[Stored items]
------

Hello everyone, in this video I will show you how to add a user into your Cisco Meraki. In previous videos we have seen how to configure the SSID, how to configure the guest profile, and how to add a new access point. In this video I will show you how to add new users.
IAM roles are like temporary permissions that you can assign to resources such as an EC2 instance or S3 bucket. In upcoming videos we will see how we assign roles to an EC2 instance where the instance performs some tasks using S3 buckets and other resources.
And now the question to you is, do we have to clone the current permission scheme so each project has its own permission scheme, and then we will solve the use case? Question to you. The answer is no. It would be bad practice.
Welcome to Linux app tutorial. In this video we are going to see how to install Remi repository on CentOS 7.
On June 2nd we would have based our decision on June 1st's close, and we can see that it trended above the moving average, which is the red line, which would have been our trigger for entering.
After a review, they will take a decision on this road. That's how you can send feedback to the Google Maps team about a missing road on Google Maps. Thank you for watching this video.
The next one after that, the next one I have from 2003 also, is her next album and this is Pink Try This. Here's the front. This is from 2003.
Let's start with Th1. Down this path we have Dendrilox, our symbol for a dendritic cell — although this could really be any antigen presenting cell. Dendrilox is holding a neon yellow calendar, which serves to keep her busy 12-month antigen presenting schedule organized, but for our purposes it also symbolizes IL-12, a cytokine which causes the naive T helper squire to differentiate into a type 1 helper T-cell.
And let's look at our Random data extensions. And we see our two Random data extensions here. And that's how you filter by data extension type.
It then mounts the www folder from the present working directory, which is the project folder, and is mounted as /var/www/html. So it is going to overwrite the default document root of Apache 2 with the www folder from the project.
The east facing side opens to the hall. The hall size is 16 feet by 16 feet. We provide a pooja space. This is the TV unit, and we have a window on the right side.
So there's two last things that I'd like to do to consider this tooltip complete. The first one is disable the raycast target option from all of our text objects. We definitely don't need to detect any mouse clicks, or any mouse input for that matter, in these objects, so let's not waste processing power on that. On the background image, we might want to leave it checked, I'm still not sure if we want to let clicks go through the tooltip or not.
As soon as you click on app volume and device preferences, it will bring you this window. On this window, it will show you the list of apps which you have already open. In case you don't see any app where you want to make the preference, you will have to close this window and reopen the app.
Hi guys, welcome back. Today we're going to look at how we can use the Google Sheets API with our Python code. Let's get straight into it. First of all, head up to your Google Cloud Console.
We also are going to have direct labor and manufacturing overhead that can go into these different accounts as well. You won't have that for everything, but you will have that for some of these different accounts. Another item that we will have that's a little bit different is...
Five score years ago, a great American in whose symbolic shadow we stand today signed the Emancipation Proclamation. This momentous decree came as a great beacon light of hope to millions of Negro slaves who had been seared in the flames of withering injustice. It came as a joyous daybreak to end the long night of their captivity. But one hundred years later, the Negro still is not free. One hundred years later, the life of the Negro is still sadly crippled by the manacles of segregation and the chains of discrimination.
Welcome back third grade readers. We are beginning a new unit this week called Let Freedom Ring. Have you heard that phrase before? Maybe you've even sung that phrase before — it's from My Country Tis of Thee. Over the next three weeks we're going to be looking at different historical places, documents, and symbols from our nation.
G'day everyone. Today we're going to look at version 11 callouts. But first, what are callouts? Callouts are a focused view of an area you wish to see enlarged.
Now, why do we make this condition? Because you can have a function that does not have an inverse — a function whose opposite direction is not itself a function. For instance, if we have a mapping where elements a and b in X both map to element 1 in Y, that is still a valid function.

------

* PROBLEM TO WORK ON: Check every line of the entries for "instance" and report how many lines contain it, without any other words.

* ANSWER: 2